What is the basis for this argument? This
is a well-established and long-standing thesis about joint damages between
participants of trade caravans. It is taken for granted that the Code of
Hammurabi provided or even required to enter into an agreement between the
parties of the trade caravans on sharing losses caused as a result of predatory
attacks, theft or loss on the road.
The structure of this thesis is the
following: 1) Code of Hammurabi required conclusion of an agreement between the
parties of a trade caravan; 2) The agreement provide the sharing of losses
between caravan participants; 3) Occurrence of losses as a result of the
attacks of robbers, stolen or lost in the way has a probabilistic nature; 4) The
probability of loss and the nature of their joint (solidarity) damages are a
sign of compensation insurance and hence the insurance.
However, it is surprising that the
confession of Code of Hammurabi as source containing signs of legal regulation
of the primary forms of insurance, took place without a reference to specific
articles of the Code. In other words, the thesis of the existence in the Code
of Hammurabi provisions about the agreements between the parties to the trade
caravans are not substantiated through the analysis of the content of specific
articles of this Code.
Thus, there is a need to analyze the Code
of Hammurabi in the context of historical and legal aspects of the emergence of
insurance.
The Code of Hammurabi is a source of law
which regulates the relations in various spheres of life of slave society. Date
of adoption of the code is in the range 1792-1750 BC.

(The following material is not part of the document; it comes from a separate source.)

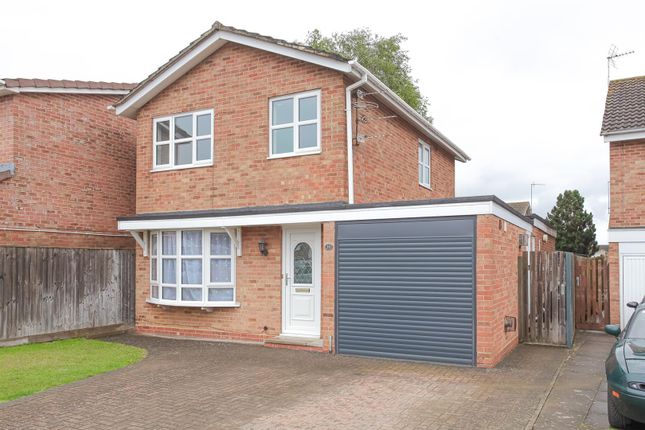 Thumbnail Detached house for sale in Chatsworth Drive, Banbury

To date, there are 282 articles of the
Code of Hammurabi. The purpose of adoption of the Code of Hammurabi, in the
words of the tsar-legislator, was the establishment of rights in the state, the
proper resolution of disputes, justice for the weak, the widows and orphans.
The Code of Hammurabi provides the legal
regulation of these relations: Art. 1-6 - a false accusation, false testimony,
change the sentence the judge; Art. 7-14 - theft, return of property, abduction
of children; Art. 15-20 - the return of fugitives slaves; Art. 21-25 - robbery;
Art. 26-32 - war debt fief’s (Latin: feudum) owners; Art. 33-41 - property relations
arising from the fief service; Art. 42-58 - lease of land, responsible
for crop failure or destruction of crops; Art. 59-66 - relationships related to
gardening; Art. 71, 78 - limit order house provided by fief service, rental
housing; Art. 96 - debt repayment movable property; Art. 100-107 -
relationships related to trade; Art. 108-111 - sale of alcoholic beverages;
Art. 112-119 - improper performance of services, mortgage, debt bondage; Art.
120-125 - Storage; Art. 126 - false statements about the loss of property; Art.
128-164 - marriage and family relations; Art. 165-184 - heritage; Art. 185 -
194 - adoption; Art. 195-214 - causing bodily harm; Art. 215-225 - the
provision of health services, the responsibility of the doctor; Art. 226, 227 -
livestock
branding responsibility; Art. 228-233 - the
responsibility of the builder; Art. 234-240 - shipbuilding, responsible
mariners-carrier; Art. 241- 249 - hire oxen, donkeys; Art. 250-252 - the
responsibility of the owner of the bull for killing the bull man; Art. 253-277
- the hiring of agricultural workers, shepherd, artisan, carts, the ship; Art.
278-281 - the purchase of slaves; Art. 282 - punishment slave.
It should be noted that the overall
analysis of the relationships that are regulated by the Code of Hammurabi provides
no basis for concluding that there was any agreements between the parties of
the trade caravans.
Given this, it seems appropriate to
allocate the Code of Hammurabi articles governing contractual relations. In
particular, the Code of Hammurabi articles were settled, in general, such a
contractual relationship: Purchase and Sale (Art. 7, 37), Storage (Art. 7, 120,
121), Barter (Art. 41), Lease (Art. 45 , 52, 60) Subleasing (Art. 47), Hiring (Art.
64, 236-238, 257, 258, 261, 273), Rental housing (art. 78), Lending (Art. 66), Loan
(Article . 102), Commission (Art. 100), Retail trade (Art. 108), Agency (Art.
112), Pledge (Art. 115), Prenuptial contract (Art. 128, 151), Gift (Art. 150,
165 ), Heritage (Art. 170, 178), Adoption (185), Service (Art. 215), Contractor
(Art. 228, 229, 235).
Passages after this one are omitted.